Whether it is a standard chin implant, isolated standard jaw angle implants or combined standard chin and jaw angle implants, their presence is both a benefit and a liability. Their benefit is that knowing what lies wherein and what its aesthetic effects are allows for designing an implant replacement that can be better. Keeping what is good about the current implants (provided there is something) and adding to what it doesn’t do creates less guesswork about what the potential aesthetic effects of a new implant design could do.

The liabilities of indwelling chin and jaw implants are numerous. Not all implant materials can be equally seen in 3D CT scans. Silicone, Gore-tex and PEEK/PEKK material compositions appear clearly while Medpor (porous polyethylene) does not. The tissue ingrowth that occurs with Medpor makes it ‘invisible’ in 3D scans. This poses a lack of information to aid in the new implant design. Sometimes the material will leave an imprint on the bone which can outline at least the location on the bone as to where the implant is.

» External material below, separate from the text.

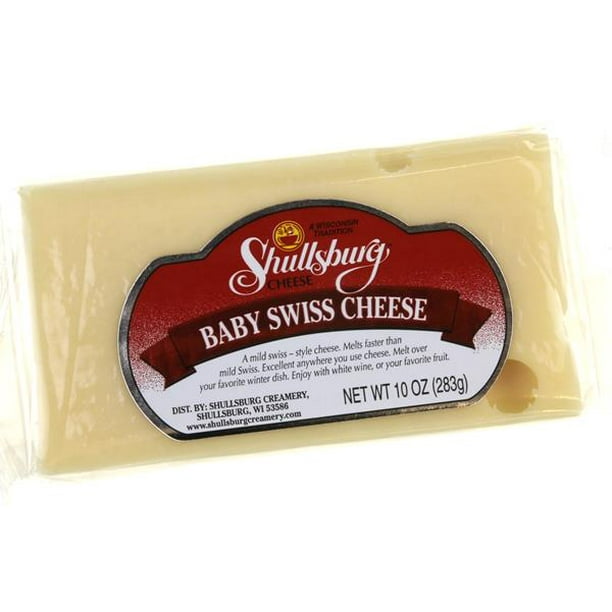 Shullsburg Creamery Baby Swiss Cheese, 10 Oz.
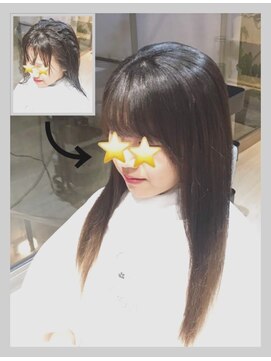 オーバーレイ(Overlay) 自然に仕上がる縮毛矯正【施術例】〔自由が丘〕〔縮毛矯正〕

What is seen around all implant materials is imprinting onto the underlying bone of the implant’s footprint and any bony overgrowth. Bony overgrowth is a natural biologic reaction which indicates an effort at the bone to remodel. This occurs around the top and front edge of jaw angle implants and usually along the bottom and sides of chin implants. This bony overgrowth is going to have to be removed for the new implant to fit properly. Osteotomes usually work fine for this type of bone removal. 

While silicone and PEEK/PEKK materials do not get soft tissue attachments, Medpor and Goretex do. These tenacious attachments are major liabilities when they have to be removed. The trauma of removing these materials risk muscle, nerve and vessel injuries in addition to the time and tedious nature of doing so. They almost never can be removed in the manner in which they were placed.  (single piece implant) The materials tear/fragment on removal. Having removed many of these materials there are cases where in the midst of it I question whether it can really be removed…but it has always been successfully done.

Between the need for capsulotomies, bone removal and existing implant removals, completing these necessary procedures often works to complete the extent of the subperiosteal dissection needed to place a wrap around jawline implant.